■ **Dataset extract**
• • • • • • •

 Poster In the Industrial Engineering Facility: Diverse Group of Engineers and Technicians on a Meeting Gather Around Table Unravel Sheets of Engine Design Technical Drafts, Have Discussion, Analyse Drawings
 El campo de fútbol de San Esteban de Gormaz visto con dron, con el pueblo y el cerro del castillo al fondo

• • • • • • •

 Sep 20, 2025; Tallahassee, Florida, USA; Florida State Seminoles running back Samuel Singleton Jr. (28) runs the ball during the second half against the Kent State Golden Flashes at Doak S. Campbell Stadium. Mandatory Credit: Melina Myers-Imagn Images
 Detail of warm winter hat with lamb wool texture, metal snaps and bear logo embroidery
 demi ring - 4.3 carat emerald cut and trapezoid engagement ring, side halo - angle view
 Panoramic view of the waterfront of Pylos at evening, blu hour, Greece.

• • • • • • •

■ **Exercise instructions**
Reproduce word for word the material above, starting with the line that has "Poster In the" and stopping after the line that has "El campo de".

■ **Task output**
 Poster In the Industrial Engineering Facility: Diverse Group of Engineers and Technicians on a Meeting Gather Around Table Unravel Sheets of Engine Design Technical Drafts, Have Discussion, Analyse Drawings
 El campo de fútbol de San Esteban de Gormaz visto con dron, con el pueblo y el cerro del castillo al fondo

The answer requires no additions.